[Start of Attachment]

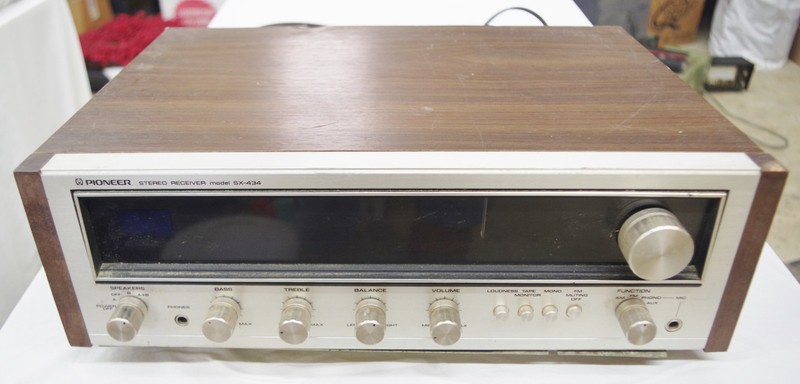 Pioneer SX-434 Stereo Receiver-Powers on, not tested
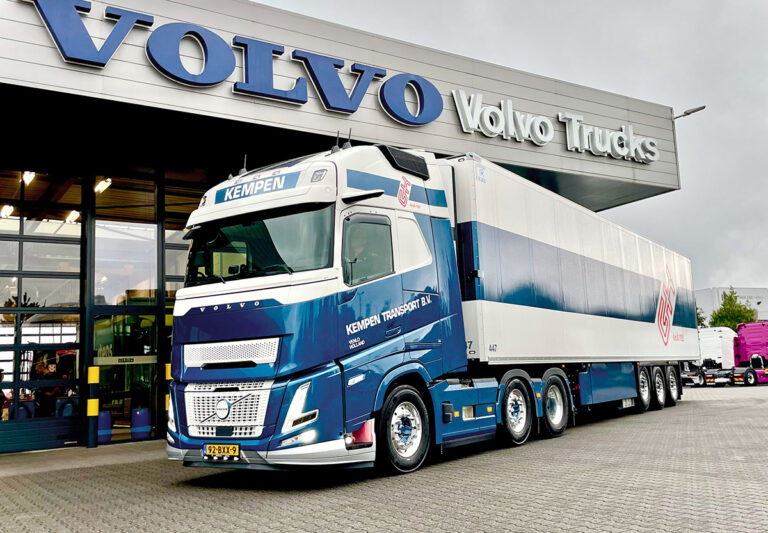 Nebim levert eerste Volvo FH Aero af aan Kempen Transport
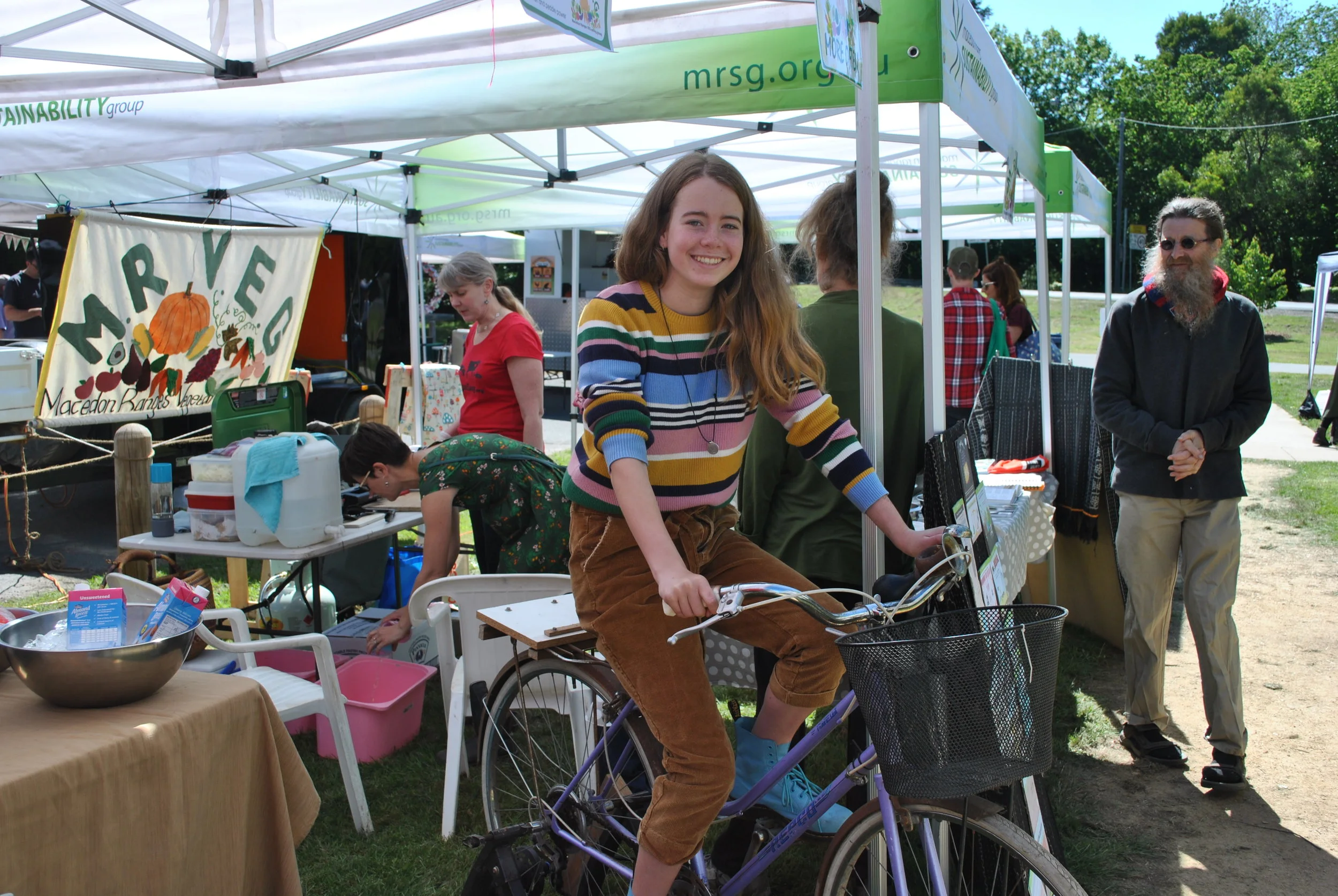 Pedaling smoothies at the Woodend Community Farmers’ Market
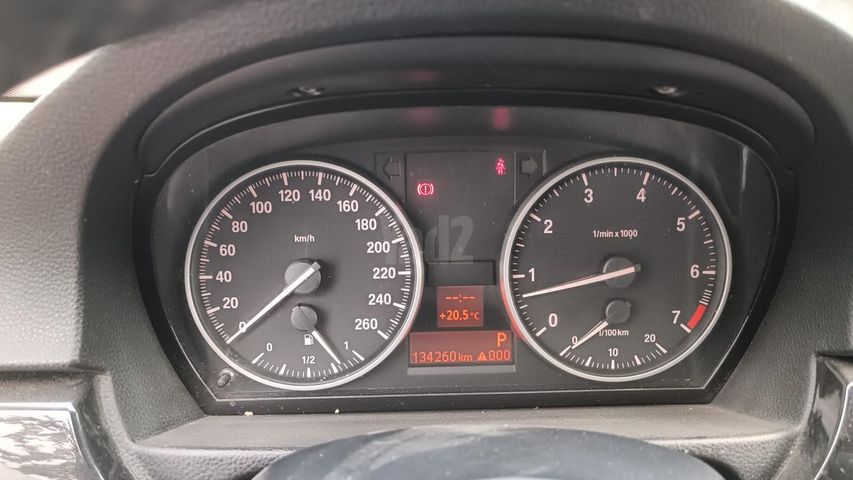 מודעת רכב ב מ וו סדרה 3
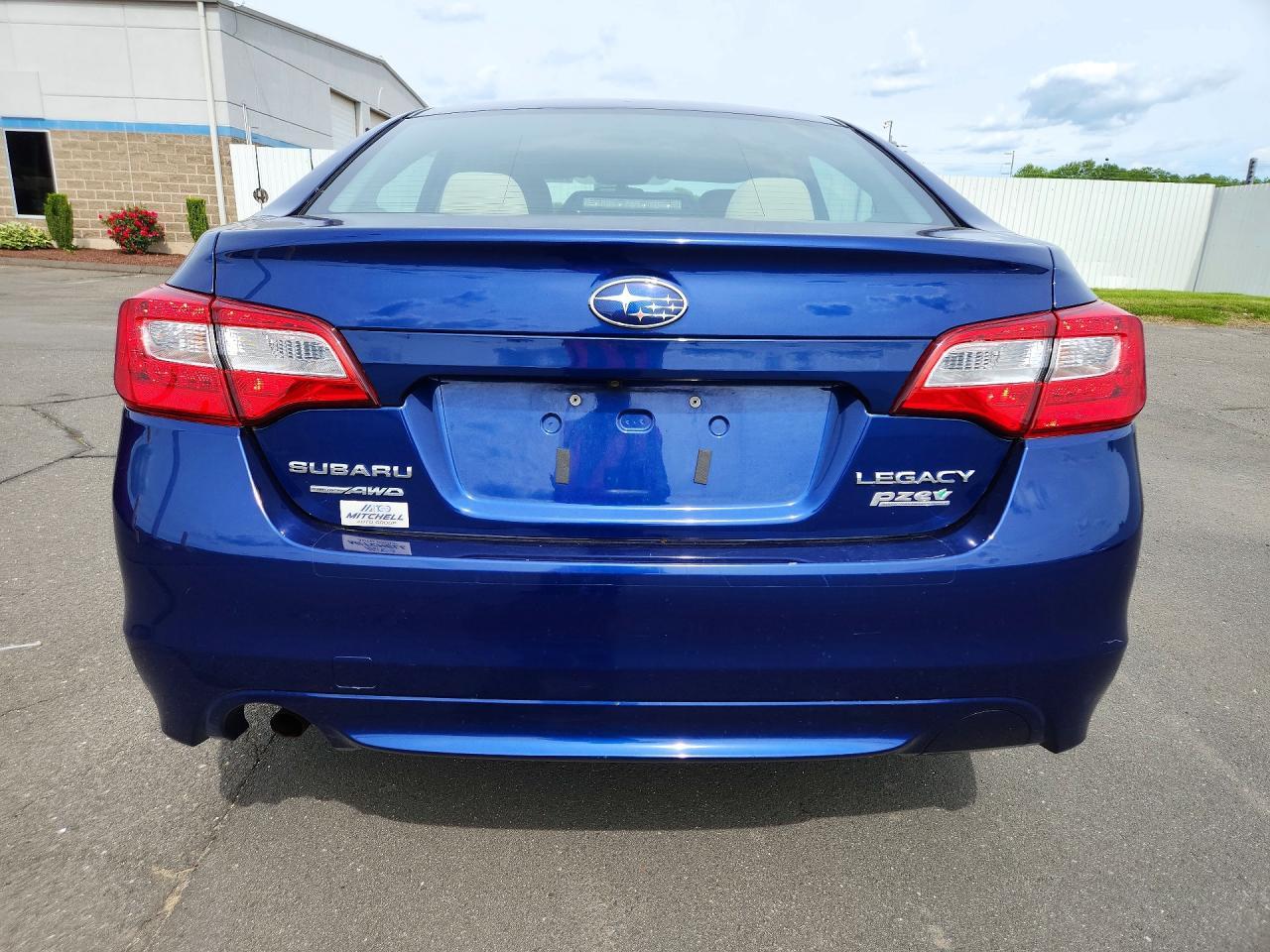 2016 Subaru Legacy 2.5I - Image 6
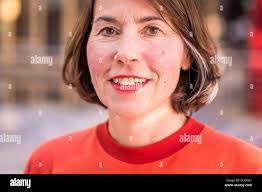 Karen Osler's Instagram, Twitter & Facebook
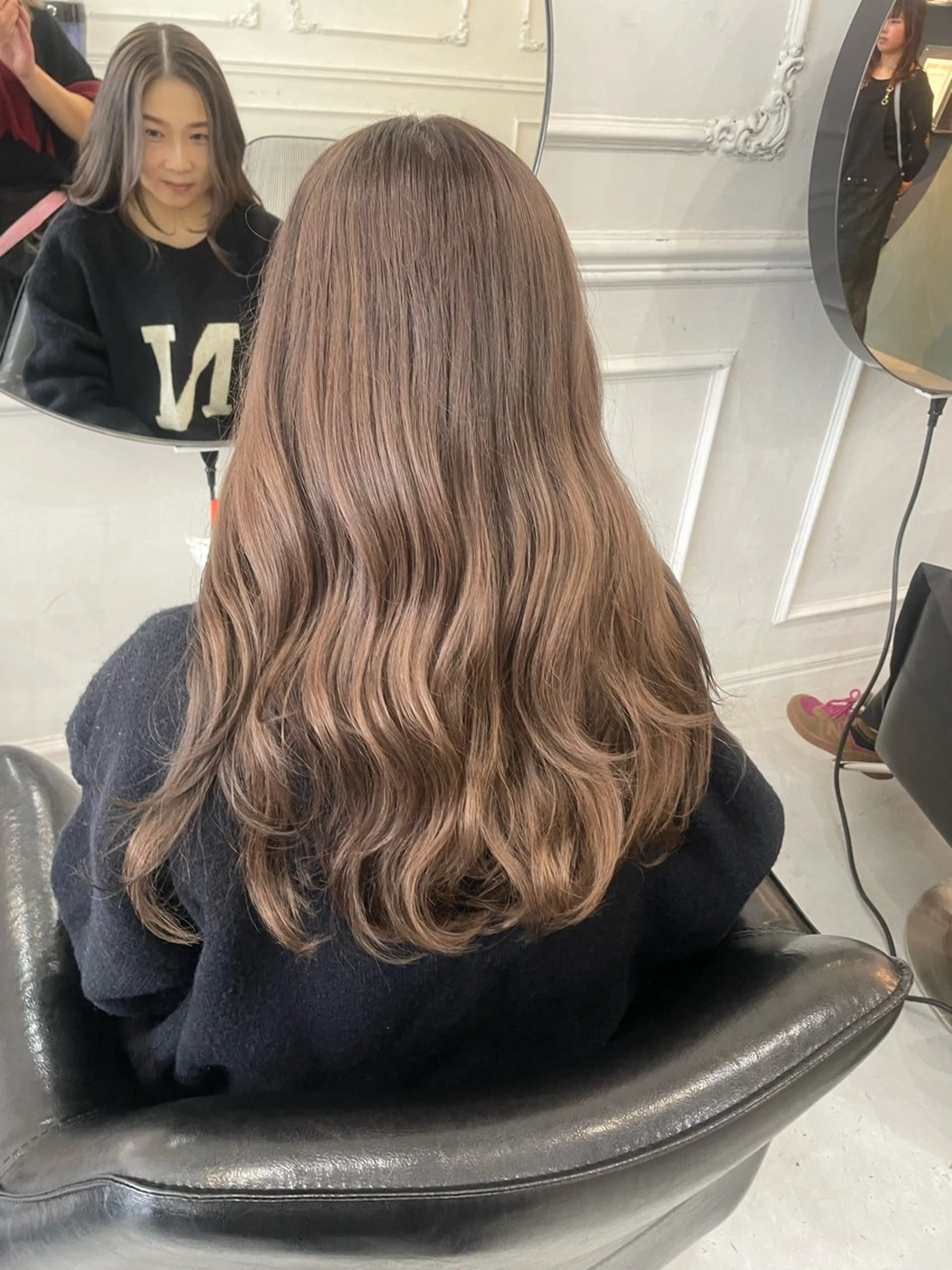 ロング ヘアカラー MaisonHALU さくらのヘアスタイル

[End of Attachment]

The records above are to be transcribed word for word. Skip the images.

• **SOLUTION TO THIS TASK**:
 Pioneer SX-434 Stereo Receiver-Powers on, not tested
 Nebim levert eerste Volvo FH Aero af aan Kempen Transport
 Pedaling smoothies at the Woodend Community Farmers’ Market
 מודעת רכב ב מ וו סדרה 3
 2016 Subaru Legacy 2.5I - Image 6
 Karen Osler's Instagram, Twitter & Facebook
 ロング ヘアカラー MaisonHALU さくらのヘアスタイル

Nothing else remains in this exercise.